Assignment
Starting with the line with "Moorhen_autumn_reflections_original_painting_by_ian_griffiths" in the entries below and going on through the line with "Karlie Hundespielzeug Tennisball", output every line exactly and nothing more. No pictures.

Extracted entries
------------------------------------------------

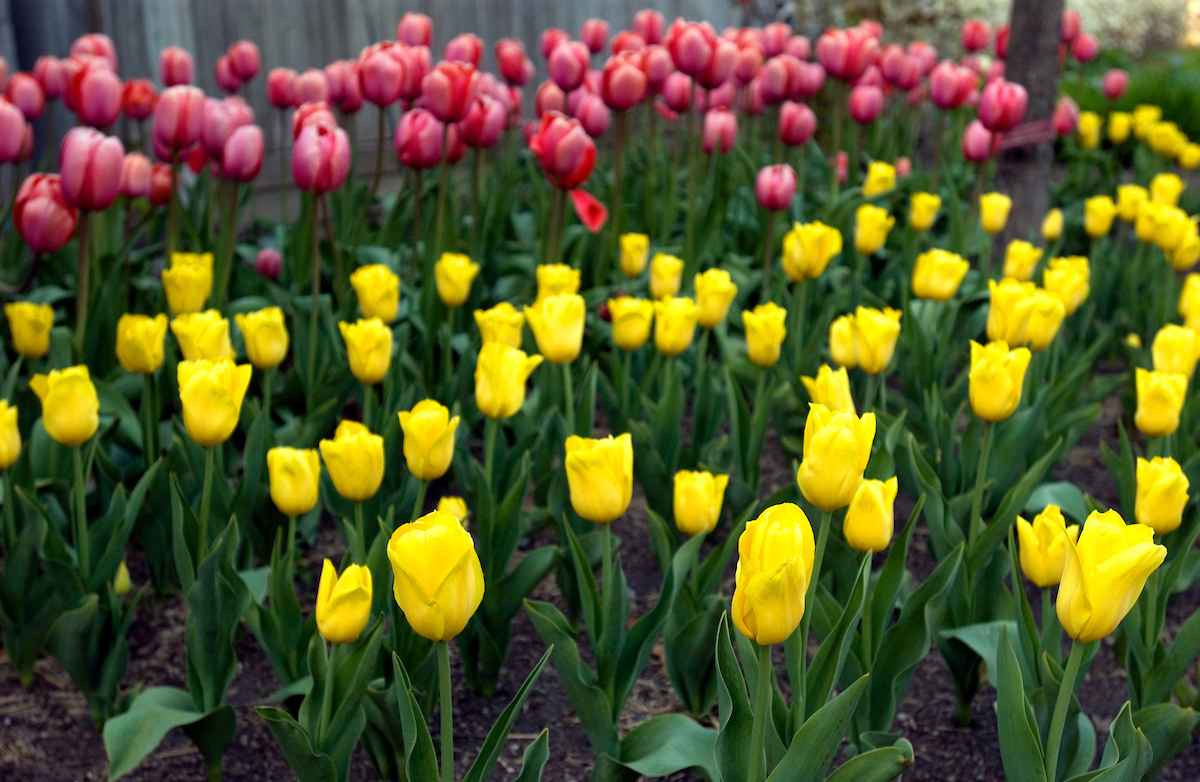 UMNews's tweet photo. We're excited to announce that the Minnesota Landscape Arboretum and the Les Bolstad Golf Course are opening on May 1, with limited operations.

------------------------------------------------

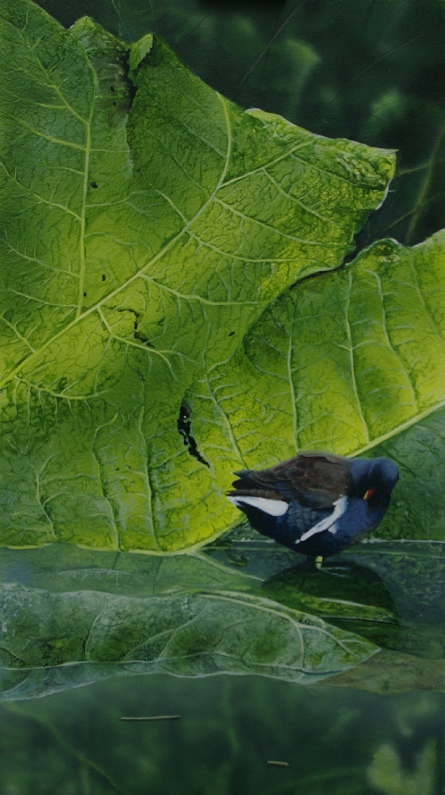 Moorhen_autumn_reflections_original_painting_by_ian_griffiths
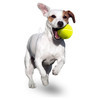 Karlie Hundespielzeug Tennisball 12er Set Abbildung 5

------------------------------------------------

Answer to this problem
 Moorhen_autumn_reflections_original_painting_by_ian_griffiths
 Karlie Hundespielzeug Tennisball 12er Set Abbildung 5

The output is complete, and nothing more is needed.